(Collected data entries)
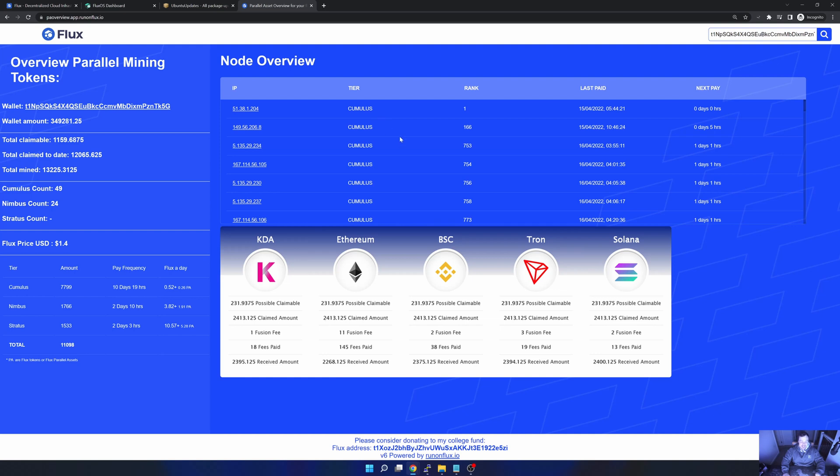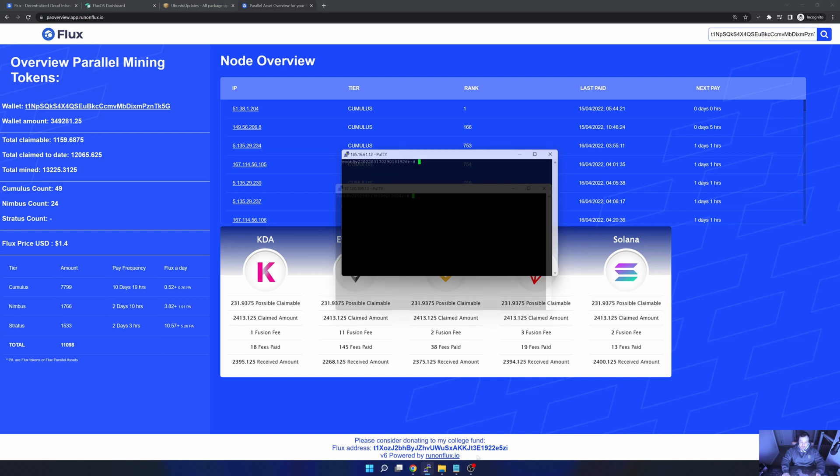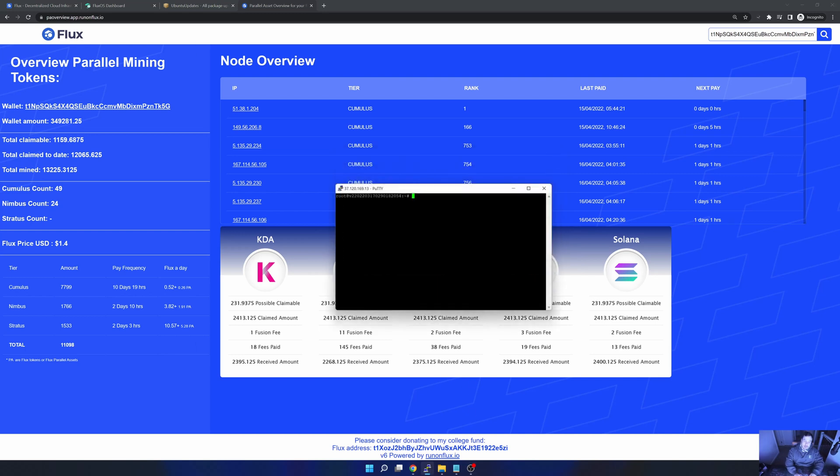Let's actually go ahead and do that. I have Putty open and I am in one of my Flux nodes. The first thing that you can see here, I'm currently logged in as the root user. In case you're not, you can just use the sudo command to elevate your privileges.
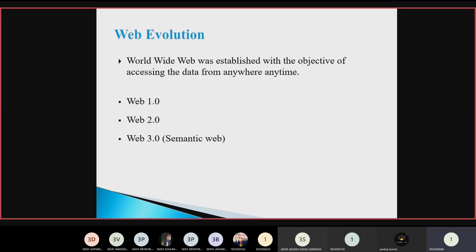Then Web 2.0 — it is all about two-way communication, that is real interaction between user and publisher. For example, YouTube and Facebook. But the problem with Web 2.0 is that web pages are written in some scripting language and describe only syntax. Then Web 3.0, that is the semantic web, where computers can understand the meaning behind the information.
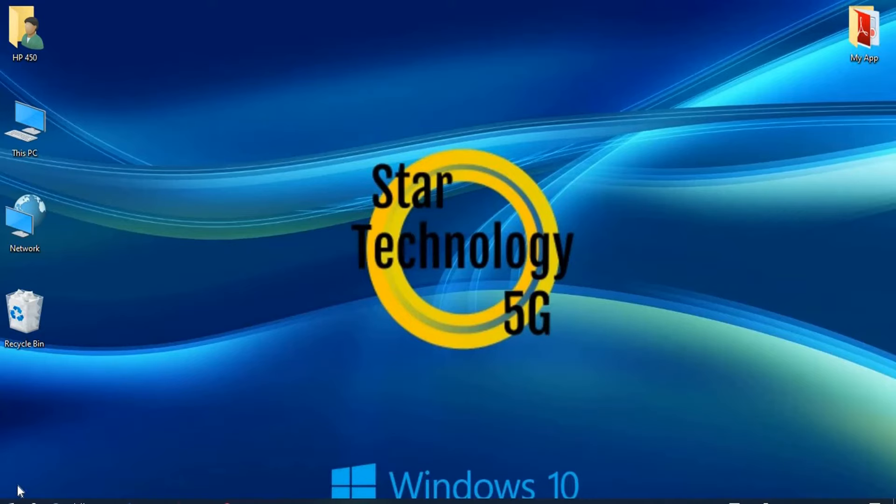Welcome to Star Technology 5G. In this video, I'll explain what VNC is, why we need it, and how to set it up. Let's start the video.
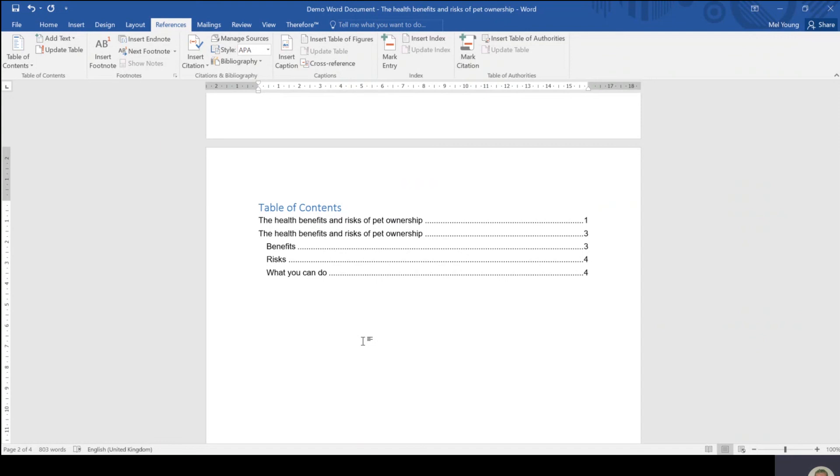Remember to save your document at the end, because until you save it, this table of contents won't stay there.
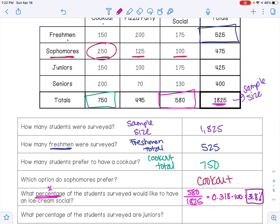What percentage of students surveyed are juniors? The total number of juniors is 425. Dividing 425 by 1,825 and multiplying by 100 gives 23.3%.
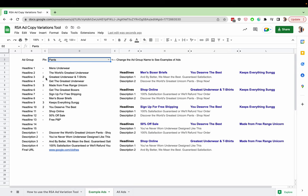So you can see here that this headline greatest underwear and t-shirts is in position two. So that will only appear in position two and keep everything snug will only appear in position three.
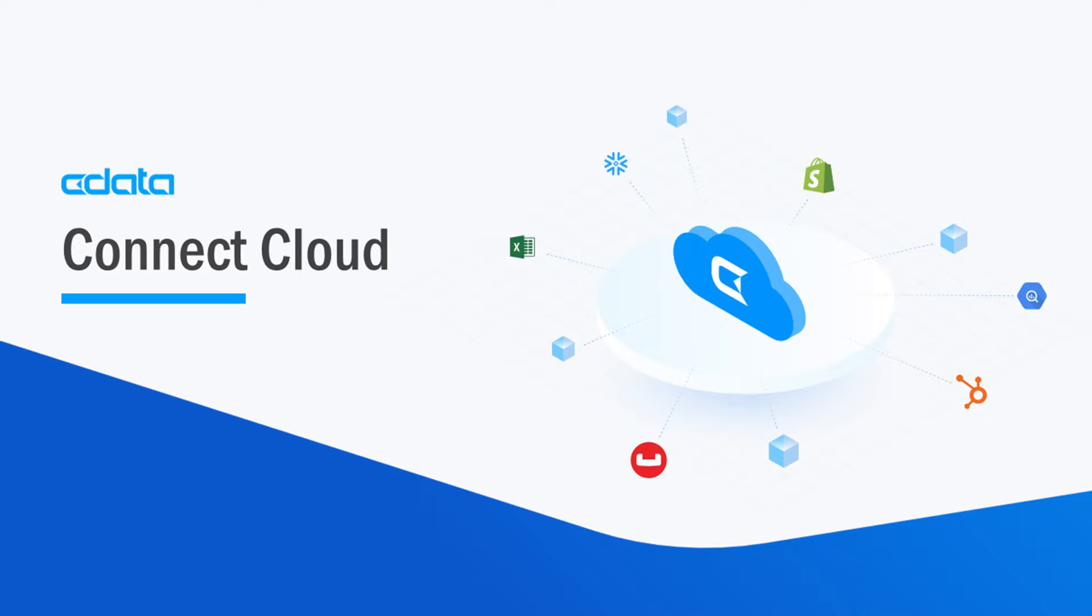CData Connect Cloud provides access to your SharePoint list data in Looker Studio. With Connect Cloud's Data Connectivity as a Service, you can easily work with your cloud data in your preferred cloud tools and applications.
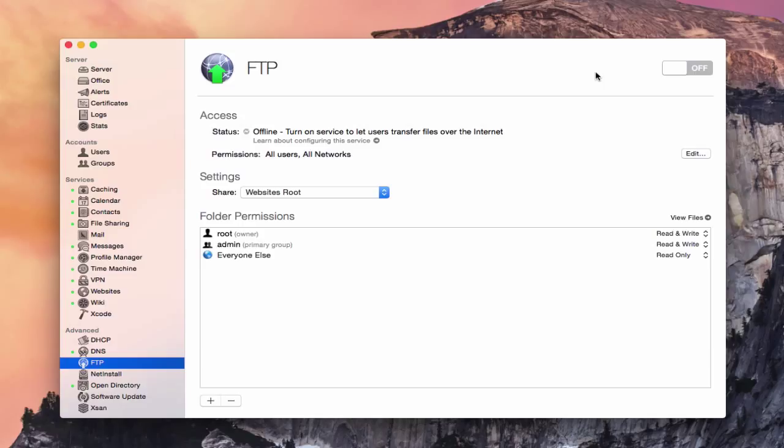So let's get started by taking a look at the service here. And as you can see, this is the FTP service. We've got it all set, kind of just set up already here. Notice it's not running, nothing's turned on.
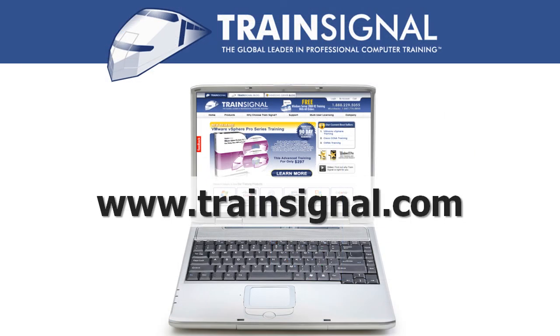For more information regarding our training videos, please visit www.train-signal.com.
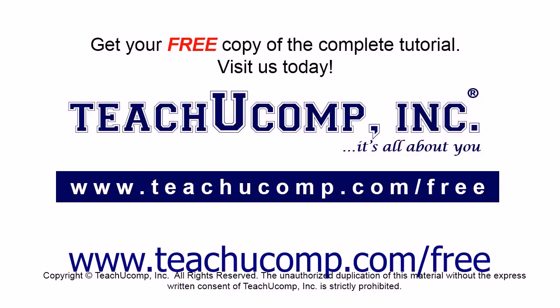Get your free copy of the complete tutorial at www.teachyoucomp.com/free.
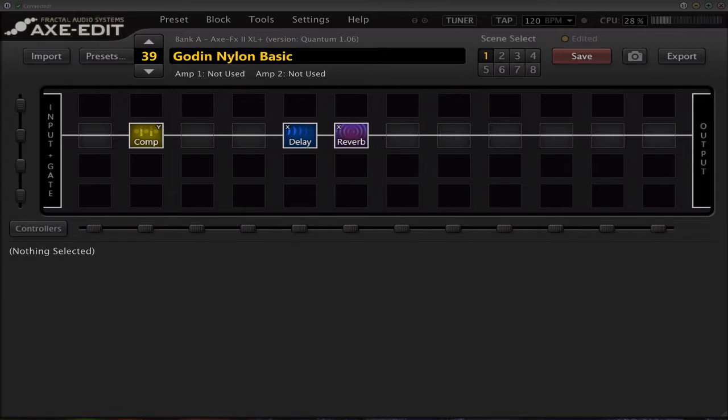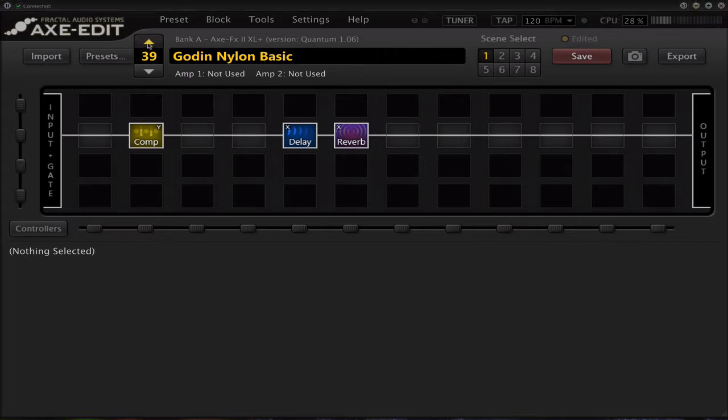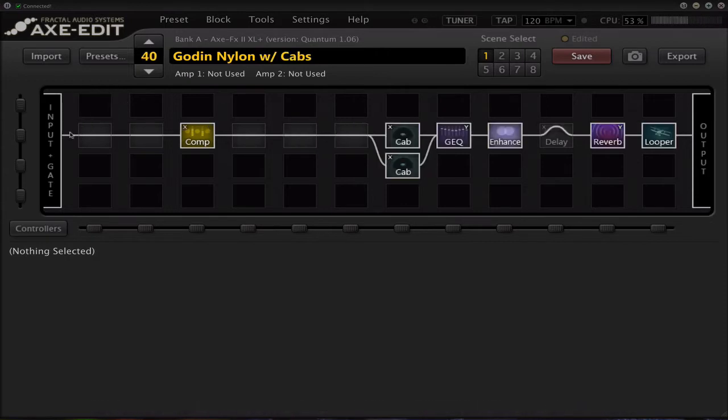Anyways, I'm going to do a demonstration of three presets. First one is the basic, just a compressor, delay and reverb. Then I'm going to go with the one that I showed yesterday. I'm going to be using scene four in this one with the delay on and the boost to nine decibels from the compressor.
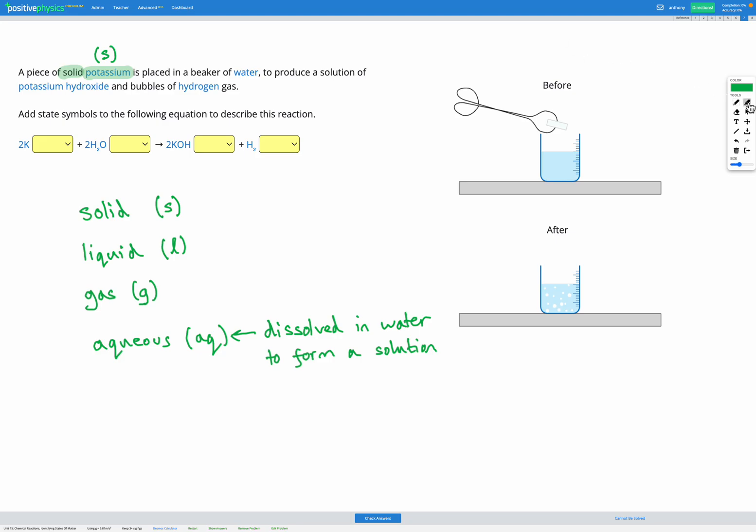We're told it's placed in a beaker of water. We know that water is a liquid because water is the common name for liquid H2O. Otherwise they would have said ice or water vapor. So we've got a liquid there, L.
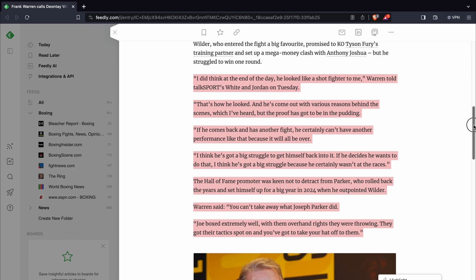He's obviously talking about the Joseph Parker fight. He said, that's how he looked. And he's come out with various reasons behind the scenes, which I've heard, but the proof has got to be in the pudding. If he comes back and has another fight, he certainly can't have another performance like that because it will be all over.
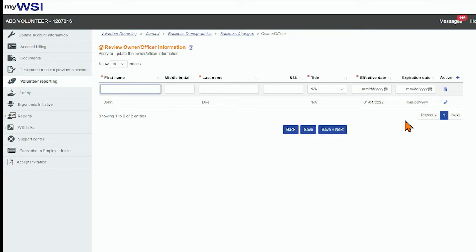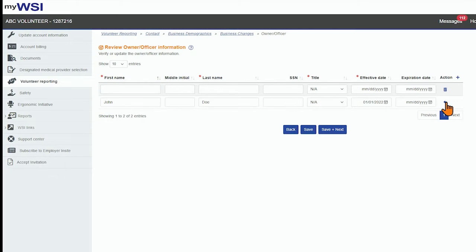To modify an existing Owner Officer, select the pencil icon. Fields will open for modification.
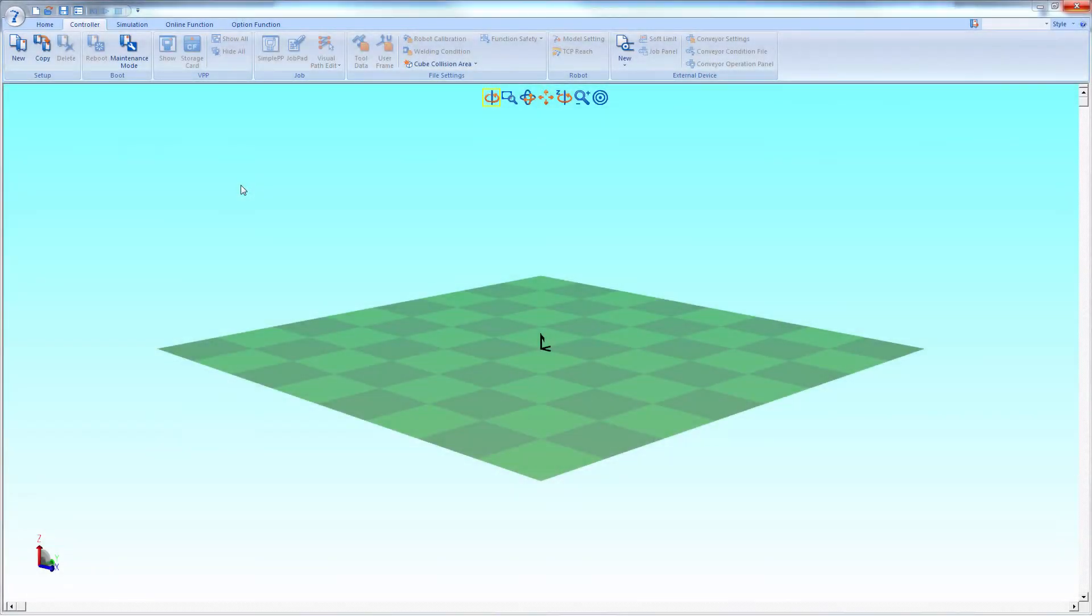In ModaSim VRC, adding a conveyor takes a few extra steps, so let's walk through them.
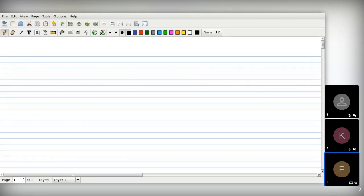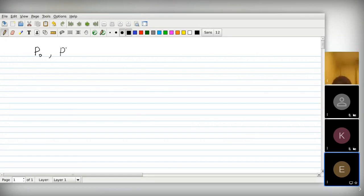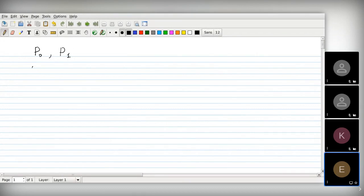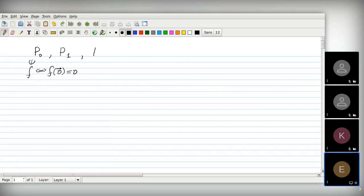Let's begin. Last time, we considered some special classes of boolean functions, namely functions preserving constants. We say that f belongs to P0 if and only if it preserves zero — it takes zero at the point of all zeros. Likewise, we have one-preserving functions, monotone functions, self-dual functions, and linear functions.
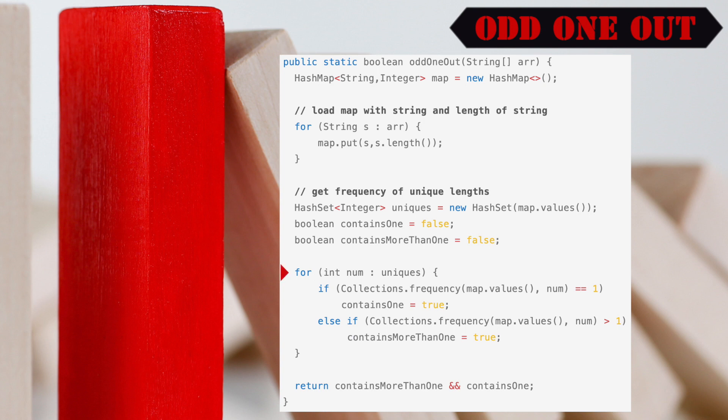For each unique value in the hash set, we determine the frequency, or count, of words having the same value in the hash map. If the frequency, or count, is equal to 1, we set a variable named contains1 to true. This variable denotes whether or not one exists in the incoming array.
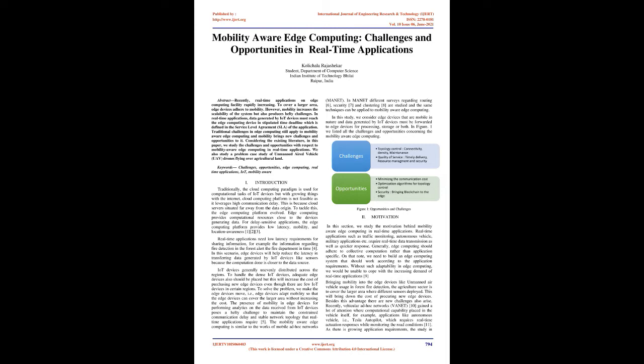Bringing mobility into edge devices like unmanned air vehicle usage in forest fire detection and the agriculture sector is to cover larger areas where different sensors are deployed. This will bring down the cost of procuring new edge devices. Besides this advantage, new challenges also arise. Recently, Vehicular Ad-Hoc Networks gained a lot of attention where computational capability is placed in the vehicle itself, for example, applications like autonomous vehicles, i.e., Tesla Autopilot, which requires real-time actuation responses while monitoring road conditions. As there is growing application requirements, the study of mobility-aware real-time edge computing applications is much needed.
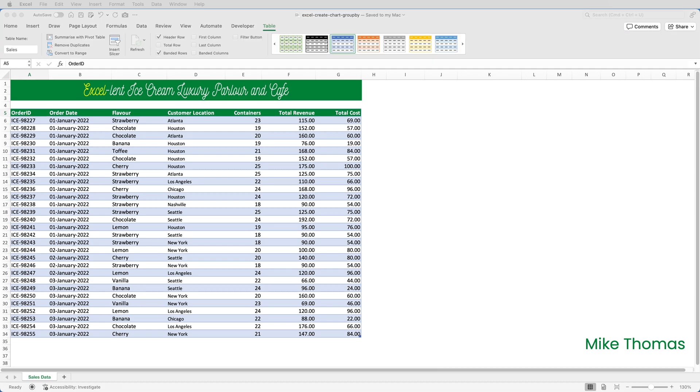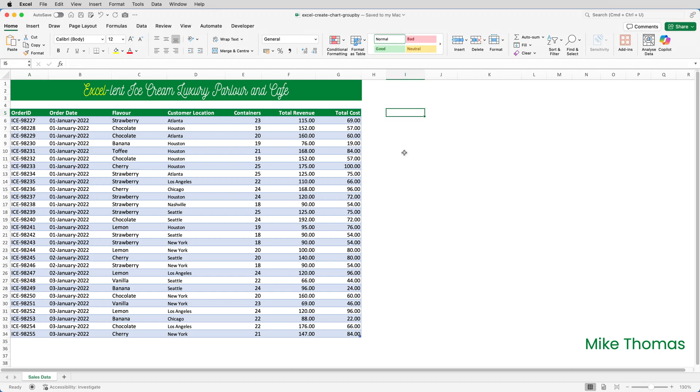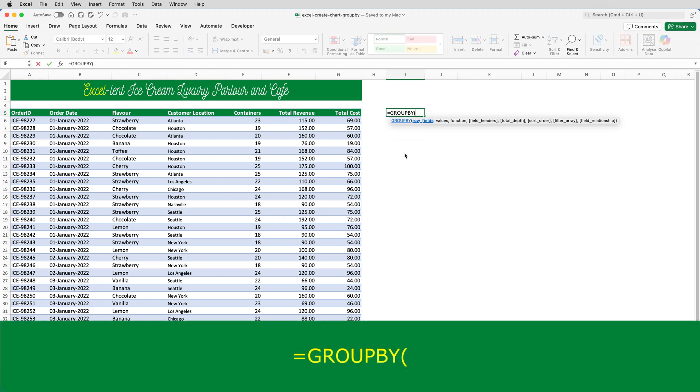The data is in a table called sales. In I5, I'm going to enter the GROUPBY function. So, I put equals GROUPBY open brackets.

• _EXERCISE_:
Transcribe the entries above verbatim, omitting their pictures.

• _SOLUTION TO THIS PROBLEM_:
Let's actually go ahead and do that. I have Putty open and I am in one of my Flux nodes. The first thing that you can see here, I'm currently logged in as the root user. In case you're not, you can just use the sudo command to elevate your privileges.
Then Web 2.0 — it is all about two-way communication, that is real interaction between user and publisher. For example, YouTube and Facebook. But the problem with Web 2.0 is that web pages are written in some scripting language and describe only syntax. Then Web 3.0, that is the semantic web, where computers can understand the meaning behind the information.
Welcome to Star Technology 5G. In this video, I'll explain what VNC is, why we need it, and how to set it up. Let's start the video.
Remember to save your document at the end, because until you save it, this table of contents won't stay there.
What percentage of students surveyed are juniors? The total number of juniors is 425. Dividing 425 by 1,825 and multiplying by 100 gives 23.3%.
So you can see here that this headline greatest underwear and t-shirts is in position two. So that will only appear in position two and keep everything snug will only appear in position three.
CData Connect Cloud provides access to your SharePoint list data in Looker Studio. With Connect Cloud's Data Connectivity as a Service, you can easily work with your cloud data in your preferred cloud tools and applications.
So let's get started by taking a look at the service here. And as you can see, this is the FTP service. We've got it all set, kind of just set up already here. Notice it's not running, nothing's turned on.
For more information regarding our training videos, please visit www.train-signal.com.
Get your free copy of the complete tutorial at www.teachyoucomp.com/free.
Anyways, I'm going to do a demonstration of three presets. First one is the basic, just a compressor, delay and reverb. Then I'm going to go with the one that I showed yesterday. I'm going to be using scene four in this one with the delay on and the boost to nine decibels from the compressor.
We're told it's placed in a beaker of water. We know that water is a liquid because water is the common name for liquid H2O. Otherwise they would have said ice or water vapor. So we've got a liquid there, L.
He's obviously talking about the Joseph Parker fight. He said, that's how he looked. And he's come out with various reasons behind the scenes, which I've heard, but the proof has got to be in the pudding. If he comes back and has another fight, he certainly can't have another performance like that because it will be all over.
To modify an existing Owner Officer, select the pencil icon. Fields will open for modification.
In ModaSim VRC, adding a conveyor takes a few extra steps, so let's walk through them.
Let's begin. Last time, we considered some special classes of boolean functions, namely functions preserving constants. We say that f belongs to P0 if and only if it preserves zero — it takes zero at the point of all zeros. Likewise, we have one-preserving functions, monotone functions, self-dual functions, and linear functions.
For each unique value in the hash set, we determine the frequency, or count, of words having the same value in the hash map. If the frequency, or count, is equal to 1, we set a variable named contains1 to true. This variable denotes whether or not one exists in the incoming array.
Bringing mobility into edge devices like unmanned air vehicle usage in forest fire detection and the agriculture sector is to cover larger areas where different sensors are deployed. This will bring down the cost of procuring new edge devices. Besides this advantage, new challenges also arise. Recently, Vehicular Ad-Hoc Networks gained a lot of attention where computational capability is placed in the vehicle itself, for example, applications like autonomous vehicles, i.e., Tesla Autopilot, which requires real-time actuation responses while monitoring road conditions. As there is growing application requirements, the study of mobility-aware real-time edge computing applications is much needed.
The data is in a table called sales. In I5, I'm going to enter the GROUPBY function. So, I put equals GROUPBY open brackets.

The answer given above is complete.